Copy exactly the lines of the data below that run from the line holding "时代少年团必备表情包来袭" through the line holding "Read 20th century boys AR Manga Online", both ends included.
[[ SUPPLIED RECORDS open ]]
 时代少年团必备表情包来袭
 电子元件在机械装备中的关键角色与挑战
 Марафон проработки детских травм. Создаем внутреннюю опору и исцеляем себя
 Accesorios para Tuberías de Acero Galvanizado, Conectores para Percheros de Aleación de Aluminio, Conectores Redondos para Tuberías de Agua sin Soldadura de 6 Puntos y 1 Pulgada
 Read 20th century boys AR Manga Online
[[ SUPPLIED RECORDS closed ]]
[[ SUPPLIED RECORDS open ]]
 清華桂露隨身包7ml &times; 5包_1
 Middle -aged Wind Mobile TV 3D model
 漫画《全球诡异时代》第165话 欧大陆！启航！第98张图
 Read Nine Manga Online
[[ SUPPLIED RECORDS closed ]]
[[ SUPPLIED RECORDS open ]]
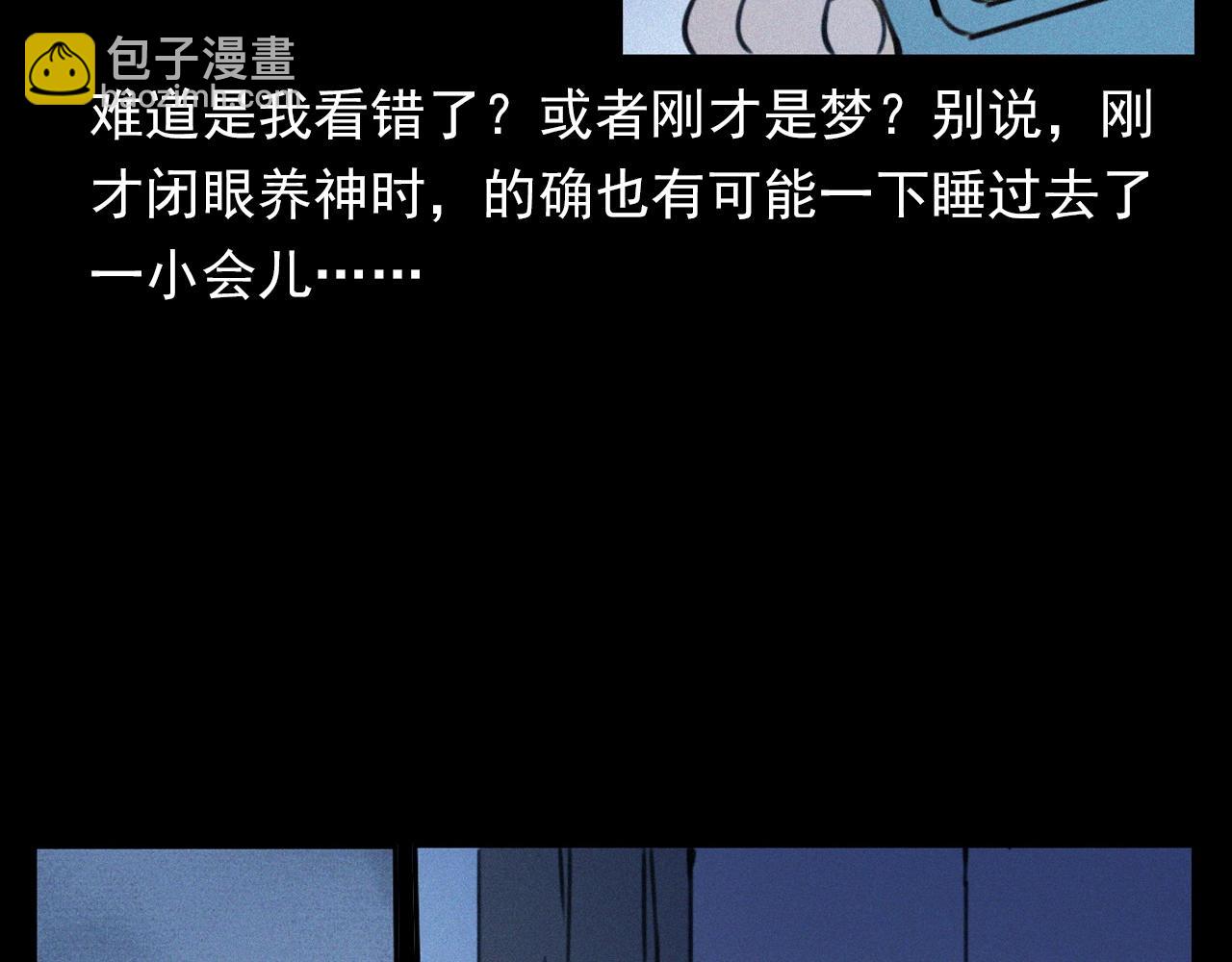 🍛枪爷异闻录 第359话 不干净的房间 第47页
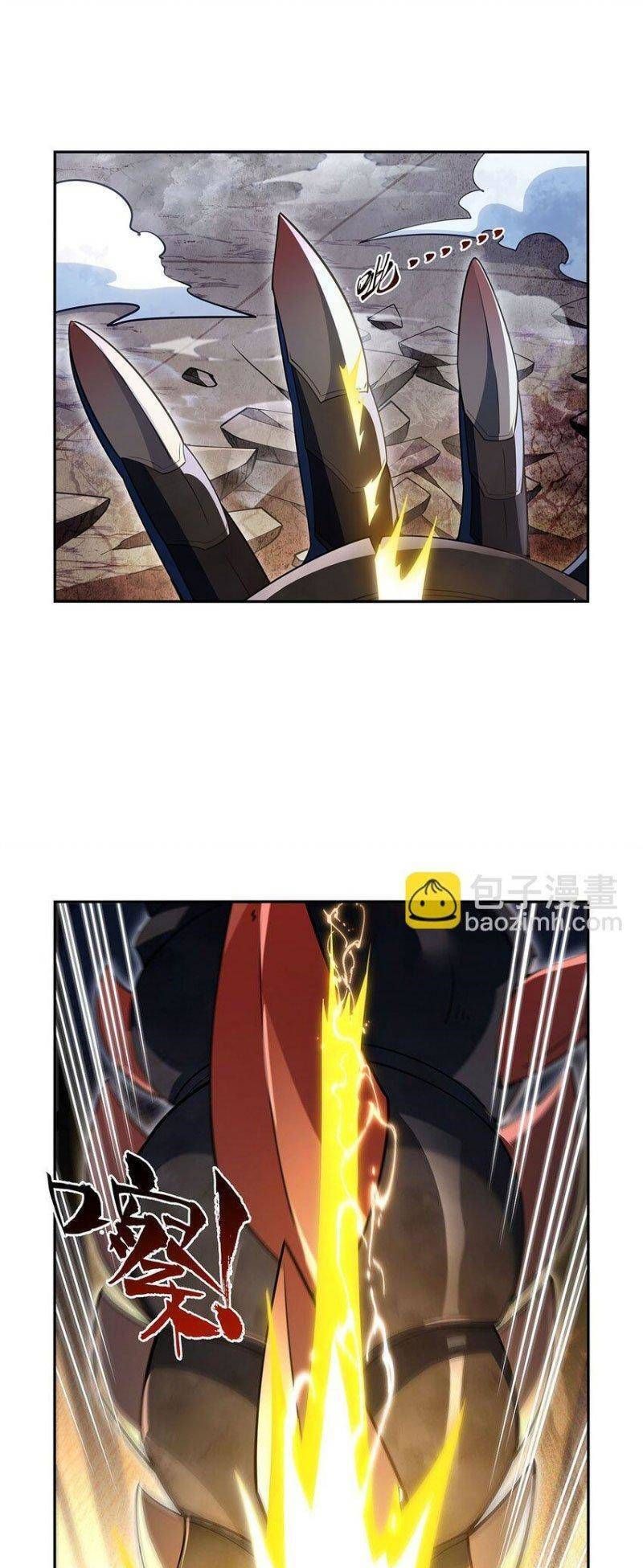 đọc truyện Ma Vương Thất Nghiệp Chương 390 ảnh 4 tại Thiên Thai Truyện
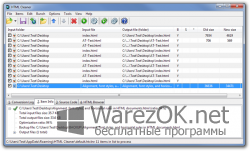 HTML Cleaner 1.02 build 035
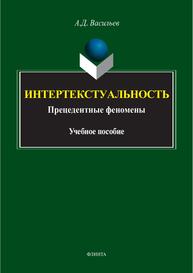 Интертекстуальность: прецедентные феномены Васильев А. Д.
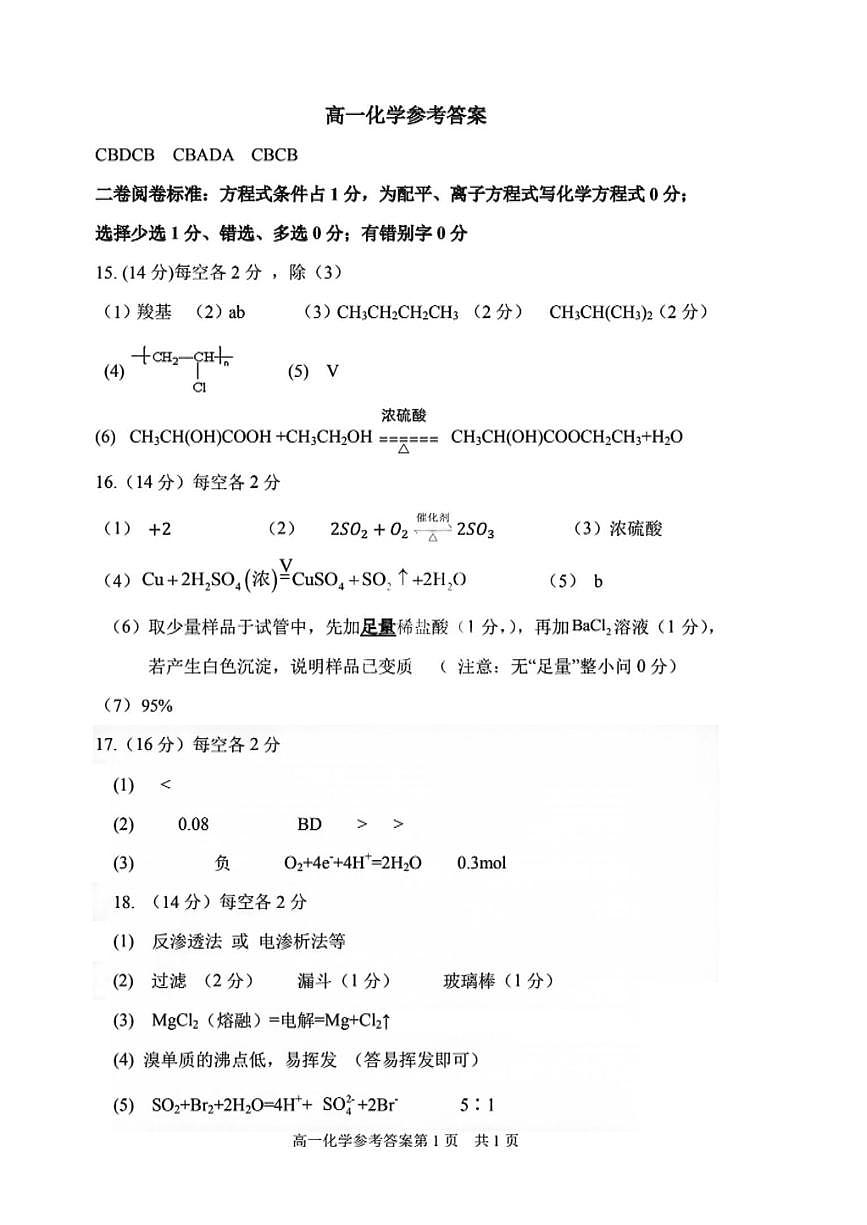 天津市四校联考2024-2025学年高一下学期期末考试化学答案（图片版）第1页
[[ SUPPLIED RECORDS closed ]]
→ EXPECTED ANSWER:
 时代少年团必备表情包来袭
 电子元件在机械装备中的关键角色与挑战
 Марафон проработки детских травм. Создаем внутреннюю опору и исцеляем себя
 Accesorios para Tuberías de Acero Galvanizado, Conectores para Percheros de Aleación de Aluminio, Conectores Redondos para Tuberías de Agua sin Soldadura de 6 Puntos y 1 Pulgada
 Read 20th century boys AR Manga Online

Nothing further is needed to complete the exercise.